▶ **What is being asked**:
Pictures excluded, please retype exactly the lines from the start of the data through the line that contains "Gold-toned layered necklace", both ends kept, and nothing beyond them.

▶ **Information provided**:
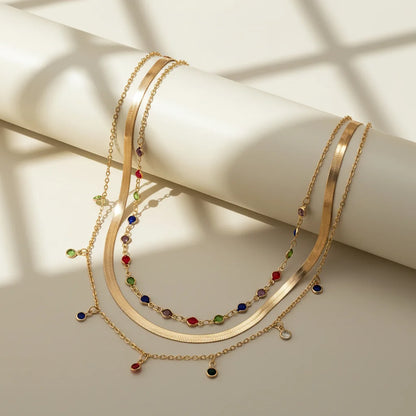Gold Multilayer Choker Necklace featuring colorful gemstones on layered chains, perfect for elegant styling | Oria Jewel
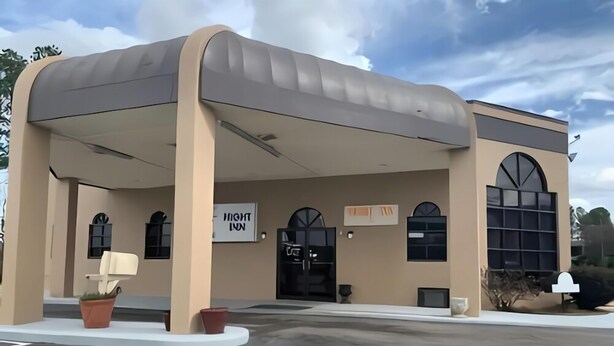 A modern building with a curved roof and large windows. - Night Inn (Rowland)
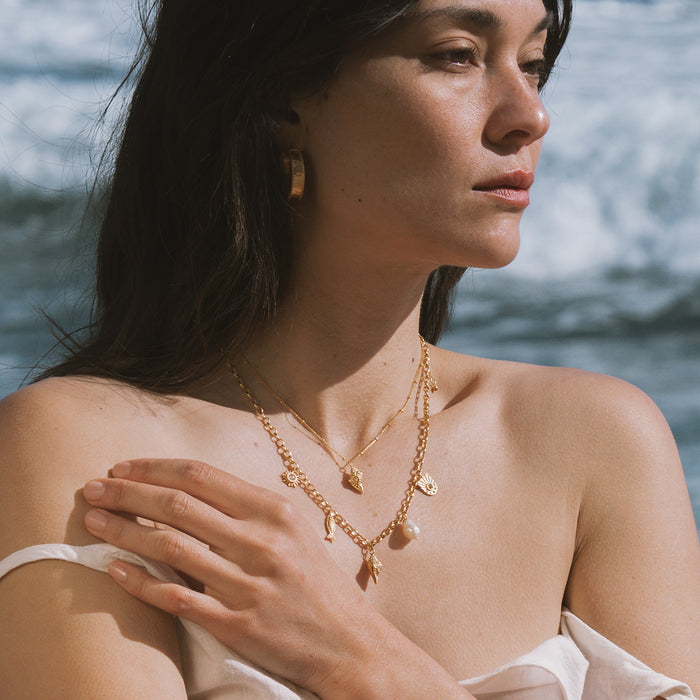 Gold-toned layered necklace with iridescent opal conch shell pendants worn by a woman against an ocean backdrop.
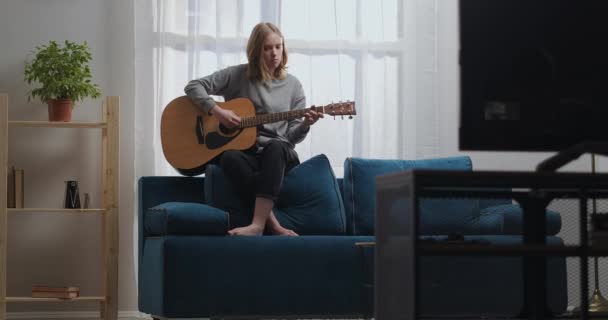 Une adolescente en sweat-shirt gris et pantalon noir sans chaussettes joue une mélodie calme sur une guitare acoustique. Assis sur le dos d'un canapé bleu. Le soleil brille par la fenêtre derrière. — Video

▶ **Reply to the task**:
Gold Multilayer Choker Necklace featuring colorful gemstones on layered chains, perfect for elegant styling | Oria Jewel
 A modern building with a curved roof and large windows. - Night Inn (Rowland)
 Gold-toned layered necklace with iridescent opal conch shell pendants worn by a woman against an ocean backdrop.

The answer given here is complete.